I am considering using LLVM in a project for a Windows CE where space is at a premium. My jaw dropped when I checked the size of HowToUseJIT.exe (VC++ Win32 debug): 15.4 MB! The release build of HowToUseJIT is “only” 3.39 MB, but this is still 85% larger than the binary to which I was thinking of adding LLVM.
The top ten LLVM libraries (Win32 *.lib) are pretty huge:
Release Bld Debug Bld Name
24,510,490 71,038,240 LLVMCodeGen.lib
21,084,666 56,724,338 LLVMCore.lib
14,624,218 37,070,488 LLVMAnalysis.lib
11,987,202 30,711,450 LLVMScalarOpts.lib
8,600,668 23,837,478 LLVMSelectionDAG.lib
8,634,324 23,802,952 LLVMTransformUtils.lib
8,347,134 20,840,744 LLVMipo.lib
5,061,702 11,028,744 LLVMX86CodeGen.lib
3,857,612 9,270,012 LLVMInstCombine.lib
3,330,608 7,820,760 LLVMSupport.lib
The binaries are vastly larger than the source code; for example, everything in lib/CodeGen is 3.63 MB and everything in lib/VMCore is 907 KB. This is quite different than my typical experience; my own C++ source code is larger than the Release DLL it compiles into.
Does anyone know why this stuff is so big, and whether there is a way to get a bare subset of LLVM that fits in under 1 MB?
> The top ten LLVM libraries (Win32 *.lib) are pretty huge:
>
> Release Bld Debug Bld Name
> 24,510,490 71,038,240 LLVMCodeGen.lib
> 21,084,666 56,724,338 LLVMCore.lib
> 14,624,218 37,070,488 LLVMAnalysis.lib
> 11,987,202 30,711,450 LLVMScalarOpts.lib
> 8,600,668 23,837,478 LLVMSelectionDAG.lib
> 8,634,324 23,802,952 LLVMTransformUtils.lib
> 8,347,134 20,840,744 LLVMipo.lib
> 5,061,702 11,028,744 LLVMX86CodeGen.lib
> 3,857,612 9,270,012 LLVMInstCombine.lib
> 3,330,608 7,820,760 LLVMSupport.lib
Not sure about Win32, but here are some numbers on OS X for comparison:
5,282,356 libLLVMCodeGen.a
3,087,436 libLLVMAnalysis.a
1,682,476 libLLVMInstCombine.a
I believe these are all release builds.
Trevor
_______________________________________________
LLVM Developers mailing list
LLV...@cs.uiuc.edu http://llvm.cs.uiuc.edu
http://lists.cs.uiuc.edu/mailman/listinfo/llvmdev
> On Jul 23, 2010, at 10:24 AM, David Piepgrass wrote:
>
>> The top ten LLVM libraries (Win32 *.lib) are pretty huge:
>>
>> Release Bld Debug Bld Name
>> 24,510,490 71,038,240 LLVMCodeGen.lib
[snip]
> Not sure about Win32, but here are some numbers on OS X for comparison:
>
> 5,282,356 libLLVMCodeGen.a
Comparing the size of the static libraries makes little sense, and even
less when they are compiled by different tools.

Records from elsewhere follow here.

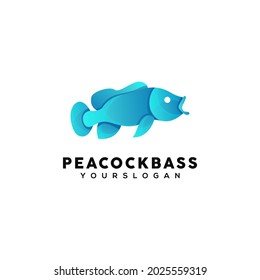 peacock bass fish colorful logo design template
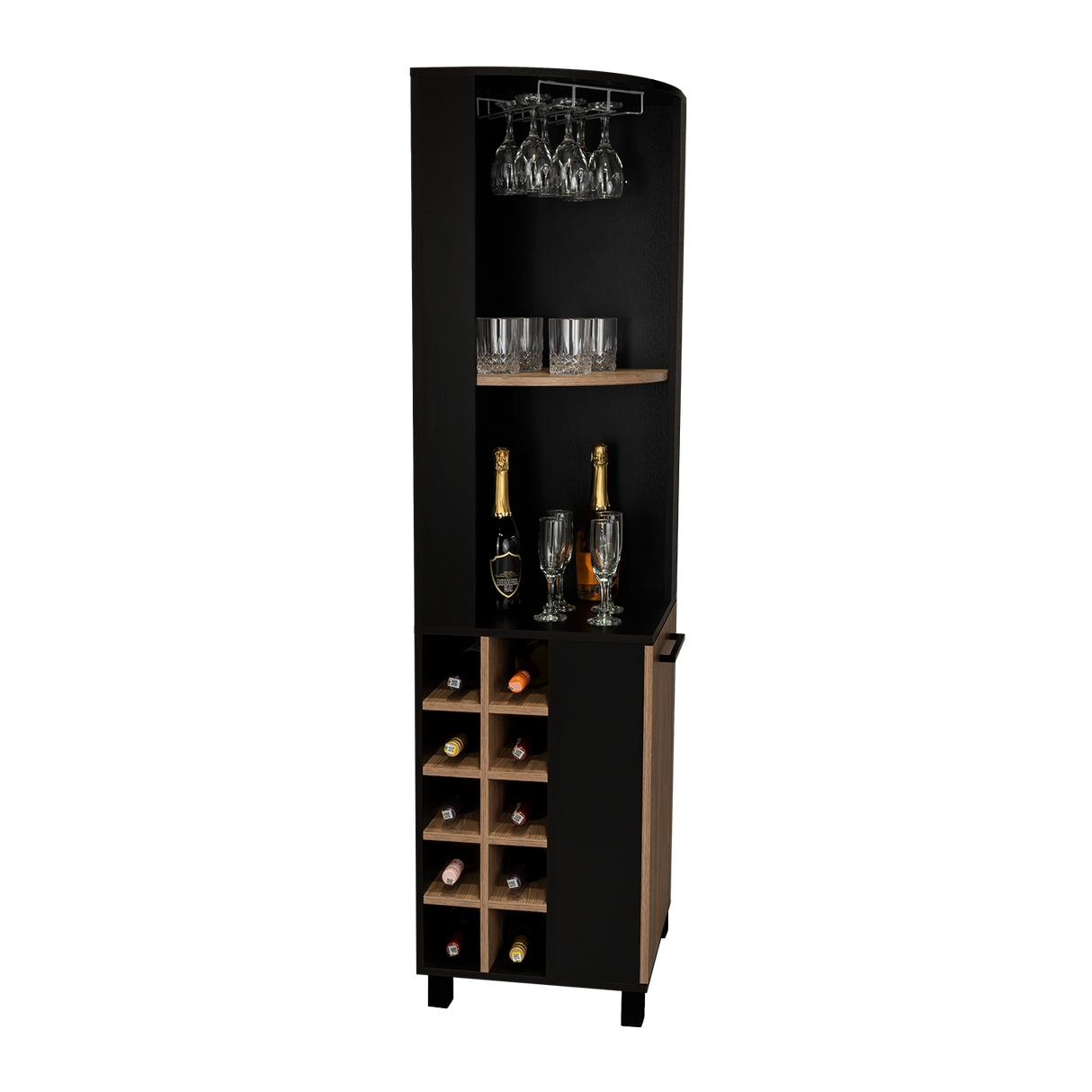 Bar Esquinero Kaia Plus Fresno Europeo y MIel 45x180cm Con Diez Portabotellas - BARES | Bylmo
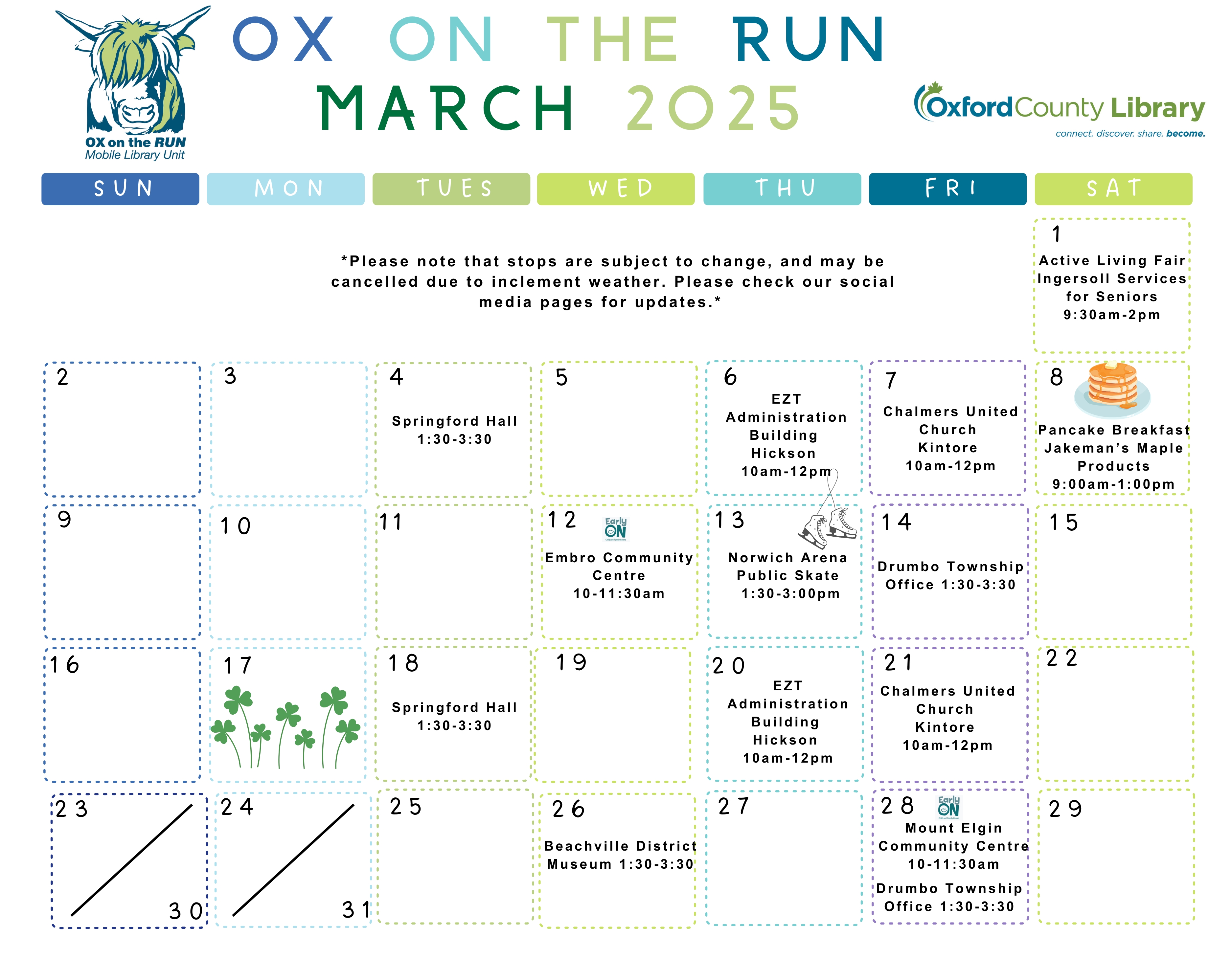 Ox on the run calendar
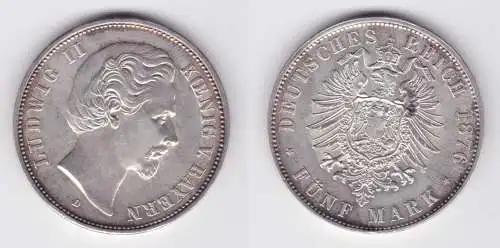 5 Mark Silbermünze Bayern König Ludwig II 1876 D Jäger 42 vz  (162631)
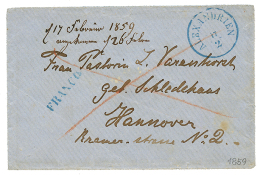 1859 ALEXANDRIEN + FRANCO On Small Envelope To HANNOVER (GERMANY). Superb. - Levante-Marken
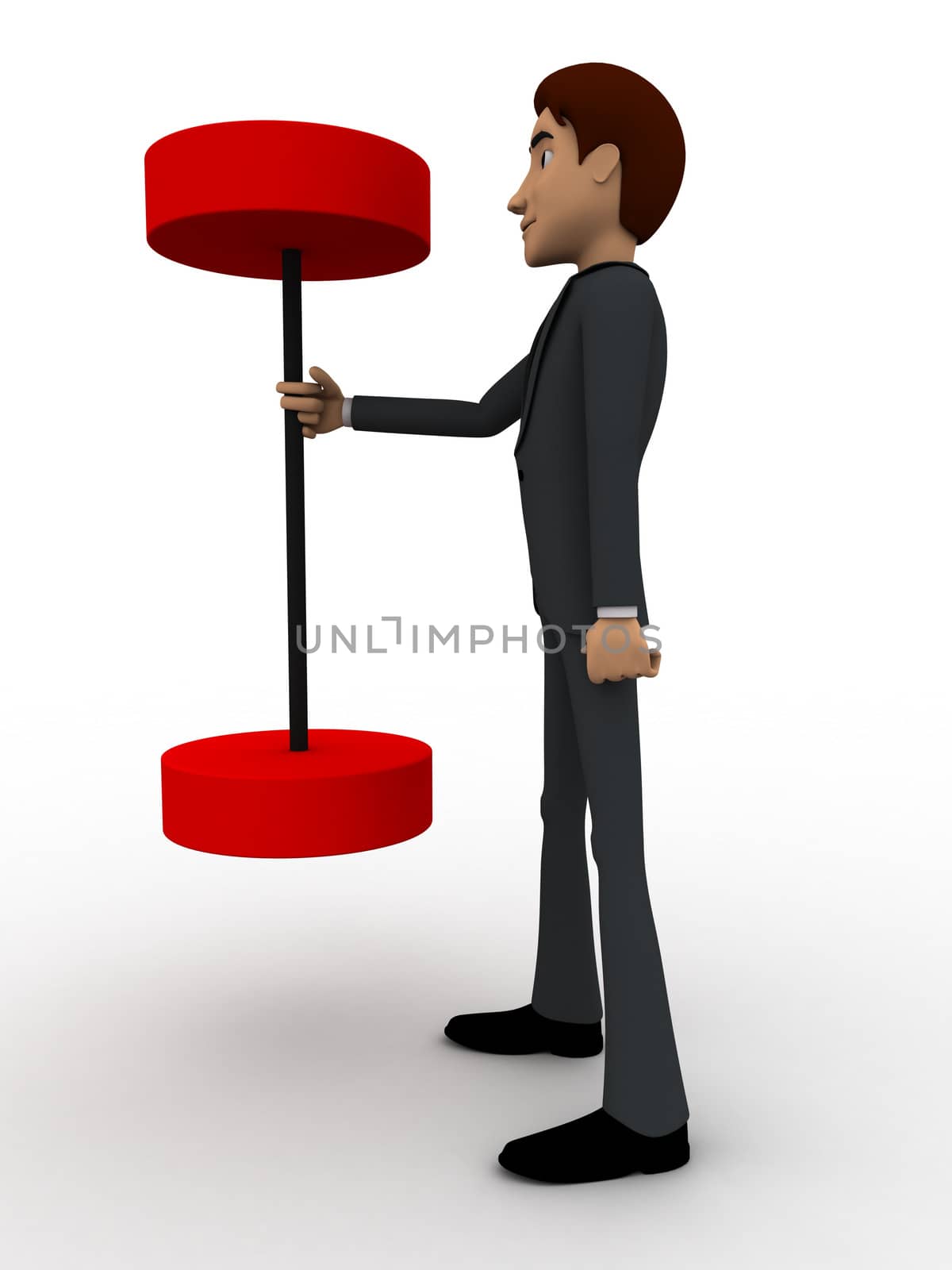 3d man easily lift big dumbbell concept on white background, side  angle view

What really matters is
the size of the executables.
I agree that LLVM can be considered a heavyweight dependency on this
aspect.
[snip]
Why is the size of static libraries a "nonsensical" topic of discussion? Anyway, in the same example I mentioned that the size of HowToUseJIT (an executable) is very large (15.4 MB debug, 3.4 MB release); as is a small example, I'd expect any real-world executable to be larger. I think it's fair to wonder what makes it is so large, why MacOS seems to get different results, and whether it is possible to construct an example less than 1 MB.
>> Comparing the size of the static libraries makes little sense, and even
>> less when they are compiled by different tools. What really matters is
>> the size of the executables.
>>
>> I agree that LLVM can be considered a heavyweight dependency on this
>> aspect.
>
> Why is the size of static libraries a "nonsensical" topic of
> discussion?
Why do you care about the size of library files?

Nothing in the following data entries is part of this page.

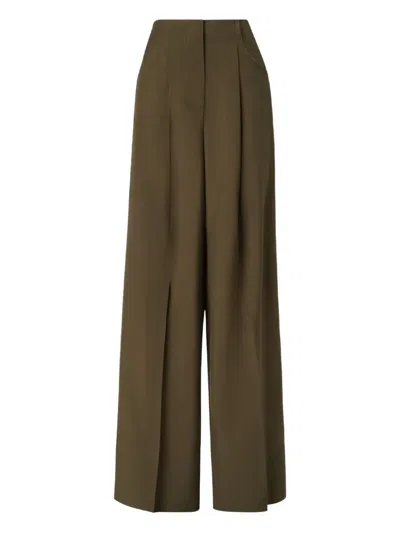 Fendi Women Green Pants With Front Pences And Wide Leg In Wool Woman In Green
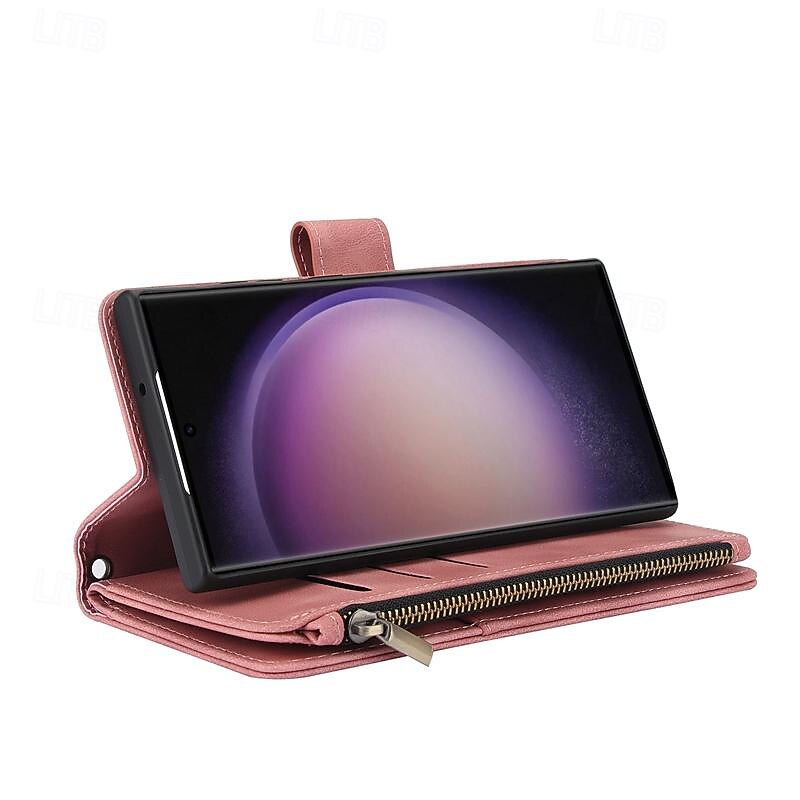 هاتف غطاء من أجل S24 Ultra Plus S23 S22 S21 S20 Ultra Plus FE A55 A35 A25 A15 5G A54 A34 A14 أ 72 أ 73 أ 53 A12 A52 A13 حافظة بطاقة المحفظة مع حامل سحاب حماية كاملة للجسم مكتب  /  الأعمال TPU جلد PU 2025 - $22.99 -P4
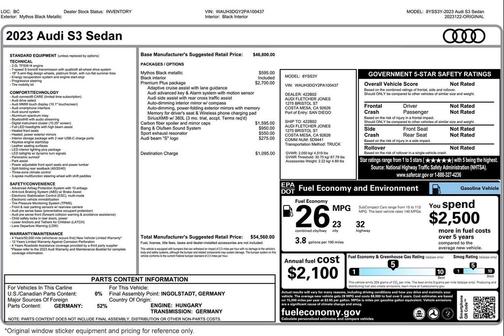 Mythos Black Metallic 2023 Audi S3 Premium Plus TFSI quattro S tronic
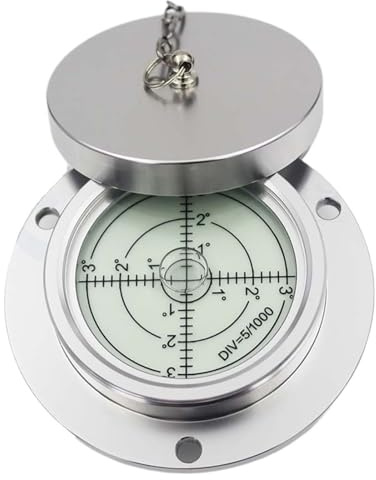 HIDUHEDN Nivel de Burbuja Redondo, Herramienta de nivelación de vehículos de ingeniería, línea Interior Transparente de precisión múltiple, Burbuja de Nivel Universal Dia90 100mm(90mm-123N)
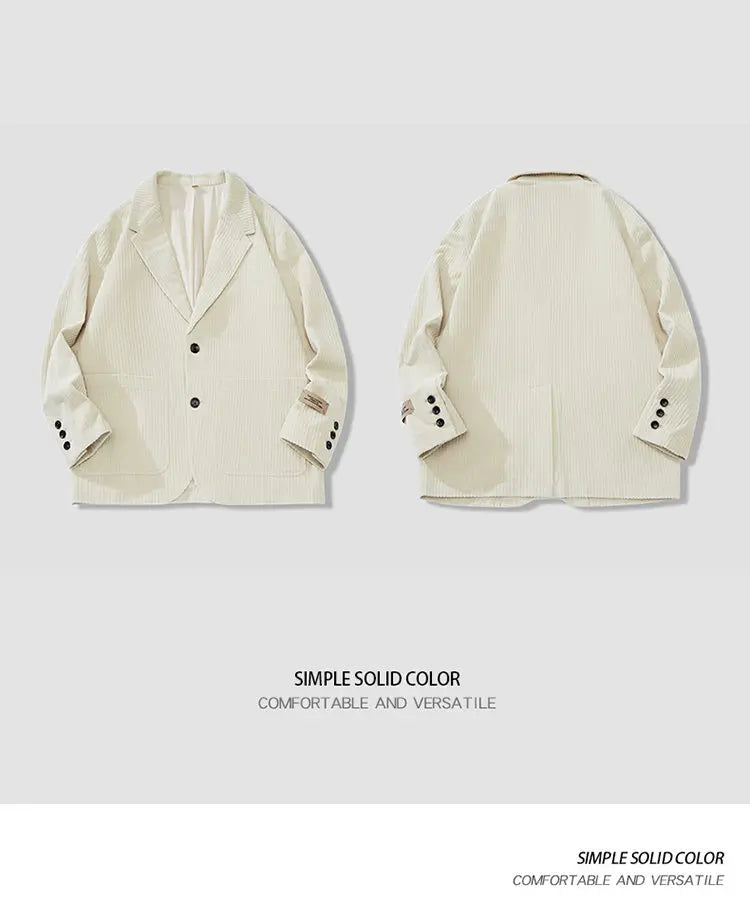 mens loose casual plus size fashion retro corduroy blazer jacket handsome man commuter business suit coat blazers outerwear unique default style 1221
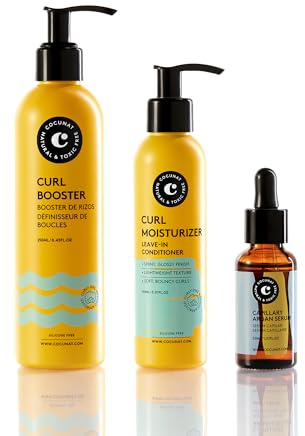 COCUNAT - Plan Rizos Brillantes - Moisturizer Leave In + Curl Booster + Sérum Aceite Argán - Método Curly - Hidrata, Desenreda, Nutre, Elimina Frizz - 250ml+150ml + 30ml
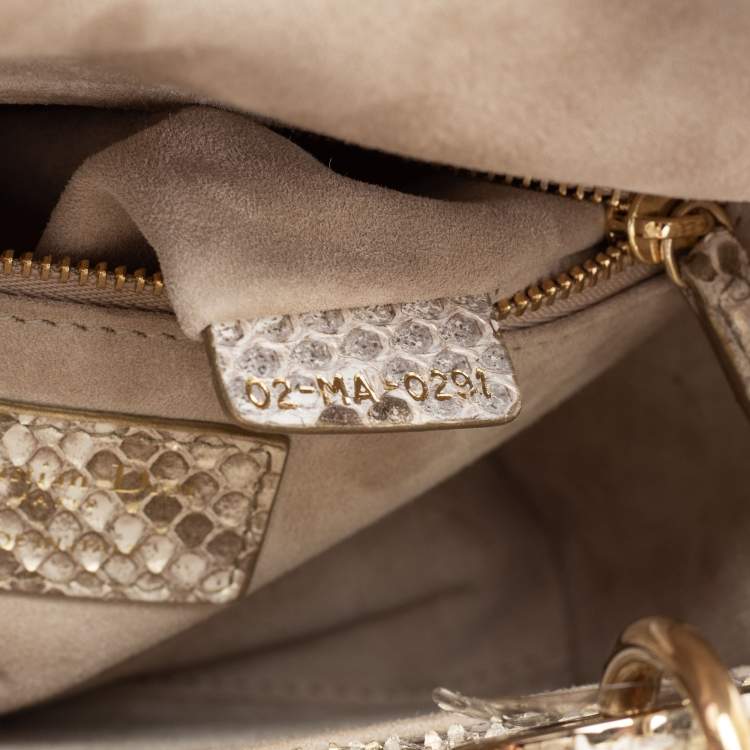 Pre Owned Dior Metallic Gold Python Small Lady Dior Tote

> Anyway, in the same example I mentioned that the size of HowToUseJIT
> (an executable) is very large (15.4 MB debug, 3.4 MB release); as is a
> small example, I'd expect any real-world executable to be larger.

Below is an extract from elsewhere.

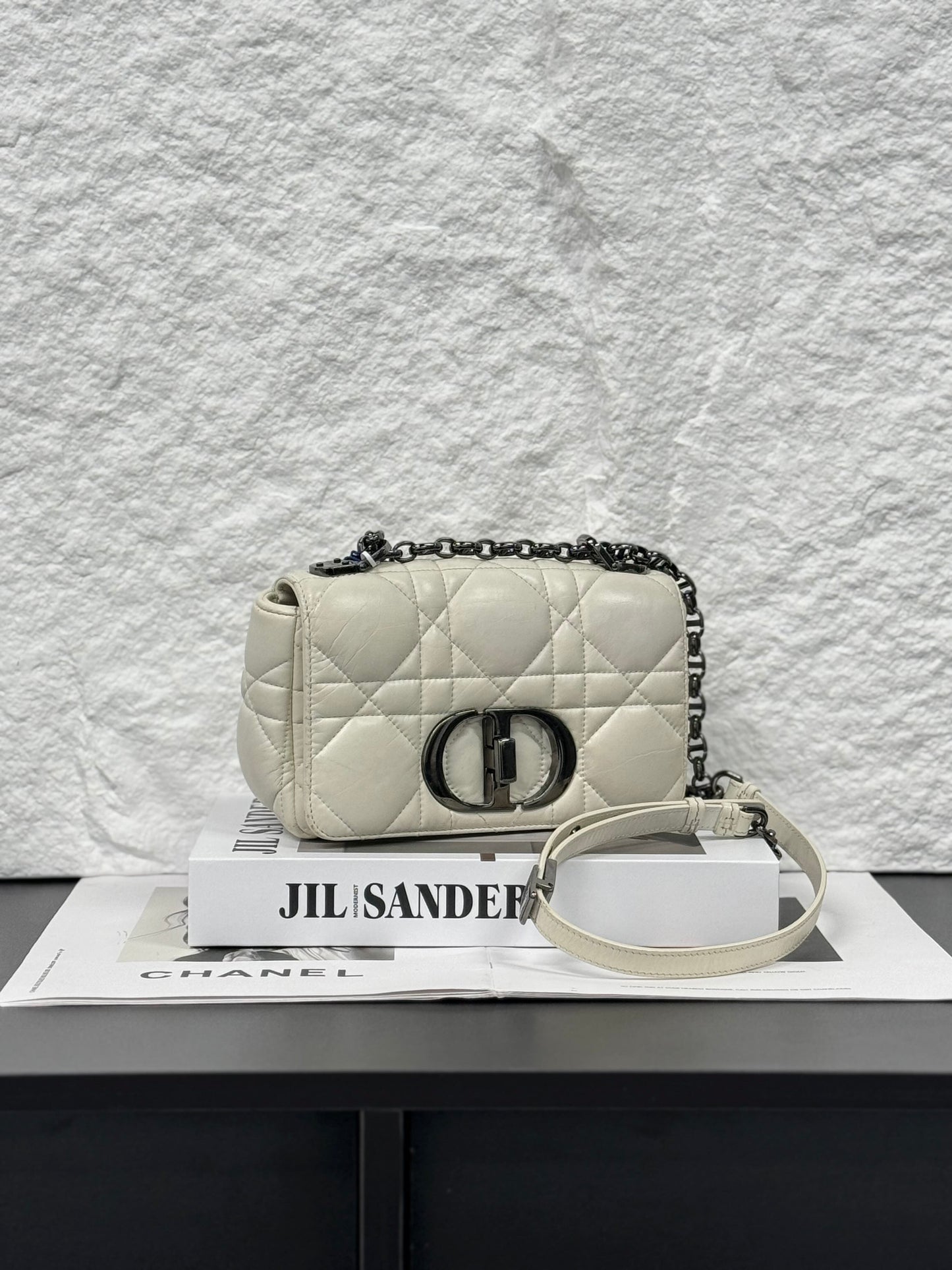 Dior - Caro Small Bag - Lambskin leather - White - (small)
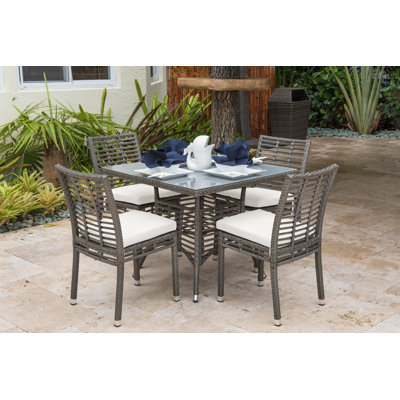 5 Piece Dining Set With Sunbrella Cushions Panama Jack Outdoor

Of course a real-world project would be larger, but not on a "linear"
proportion compared to HowToUseJIT. That example application pulls a big
chunk from the LLVM libraries. That is what makes it large, not the code
in howtousejit.cpp. My compiler, for instance, is anything but a toy
application and is 5.7 MB.
> I think it's fair to wonder what makes it is so large, why MacOS seems
> to get different results,
If you want to compare sizes, you must limit your comparisons to
executable files. Why would be relevant that XCode produces library
files smaller than Visual Studio? Its comparing apples to oranges.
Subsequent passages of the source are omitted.